This is what it’s come to: A hoard of Clevelanders lining the street in front of the IMG building, chanting “Noah Sucks!,” throwing powder in the air to mimic the King’s signature pregame routine and lining the the sidewalk with placards that read “HOME.”
“I just want to get one of LeBron’s tire prints!” one college-aged fan told the New York Daily News.
Police eventually ordered fans to remove the signs for fear of causing James’ silver sedan – no Cadillac Escalade today — from skidding out.

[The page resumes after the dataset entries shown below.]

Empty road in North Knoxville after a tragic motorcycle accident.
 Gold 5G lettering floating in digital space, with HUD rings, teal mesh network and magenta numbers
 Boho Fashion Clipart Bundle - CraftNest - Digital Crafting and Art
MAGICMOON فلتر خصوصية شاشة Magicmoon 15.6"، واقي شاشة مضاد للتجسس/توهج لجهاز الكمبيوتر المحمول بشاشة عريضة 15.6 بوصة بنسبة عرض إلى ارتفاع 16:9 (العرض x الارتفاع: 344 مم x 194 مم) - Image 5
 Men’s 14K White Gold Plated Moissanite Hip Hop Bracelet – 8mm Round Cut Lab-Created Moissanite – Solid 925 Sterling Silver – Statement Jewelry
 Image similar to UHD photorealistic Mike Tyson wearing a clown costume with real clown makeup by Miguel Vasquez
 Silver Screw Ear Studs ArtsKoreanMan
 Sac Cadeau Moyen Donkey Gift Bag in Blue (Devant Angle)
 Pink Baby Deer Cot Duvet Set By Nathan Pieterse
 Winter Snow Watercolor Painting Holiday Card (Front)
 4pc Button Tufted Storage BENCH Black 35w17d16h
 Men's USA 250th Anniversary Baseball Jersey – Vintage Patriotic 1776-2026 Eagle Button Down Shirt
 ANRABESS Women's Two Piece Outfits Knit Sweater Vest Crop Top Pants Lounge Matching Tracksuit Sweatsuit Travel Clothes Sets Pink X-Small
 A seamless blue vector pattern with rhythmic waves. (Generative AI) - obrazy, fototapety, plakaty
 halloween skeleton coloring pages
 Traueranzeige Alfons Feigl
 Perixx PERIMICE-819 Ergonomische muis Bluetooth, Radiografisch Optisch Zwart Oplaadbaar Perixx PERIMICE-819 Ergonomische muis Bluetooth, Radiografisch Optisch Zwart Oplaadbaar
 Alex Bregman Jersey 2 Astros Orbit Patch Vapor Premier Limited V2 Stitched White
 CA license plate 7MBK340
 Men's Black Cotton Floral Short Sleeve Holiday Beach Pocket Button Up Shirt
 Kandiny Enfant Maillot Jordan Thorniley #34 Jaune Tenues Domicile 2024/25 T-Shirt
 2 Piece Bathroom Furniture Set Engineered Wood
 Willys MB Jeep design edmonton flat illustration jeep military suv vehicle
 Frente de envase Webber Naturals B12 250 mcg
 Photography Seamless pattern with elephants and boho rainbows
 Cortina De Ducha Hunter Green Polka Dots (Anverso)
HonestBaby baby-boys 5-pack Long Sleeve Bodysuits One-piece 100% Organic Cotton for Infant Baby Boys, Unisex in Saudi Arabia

The Chosen One will meet with Cavaliers owner Dan Gilbert, GM Chris Grant and new coach Bryon Scott before hosting his last suitor of the day, Chicago. And while Cleveland fans hope a pre-meeting parade will help convince LeBron to stay, the Cavs have perhaps the biggest advantage of any team in the summer sweepstakes: an extra $30 million.
But if even that’s not enough to retain him, Youngstown-based Phantom Fireworks has offered to produce a world-class fireworks show for James if he stays in Cleveland.
“LeBron doesn’t have to go to New York or Chicago to see a New York style, world-class fireworks show,” said Phantom Fireworks’ Alex Zoldan in a news release. “LeBron’s friends from New York and Chicago can come to Cleveland and see a fireworks show that is sure to rival anything from those cities.”
But wait, there’s more!
Chardon BrewWorks & Eatery penned an open letter to LeBron, offering him “beer for life” if he stays in Cleveland.
“If he stays, I know he will realize his childhood dream of bringing a championship to his hometown,” BrewWorks owner Mike Nedrow wrote. “Add our beer on top of that?!? What else does an MVP need?”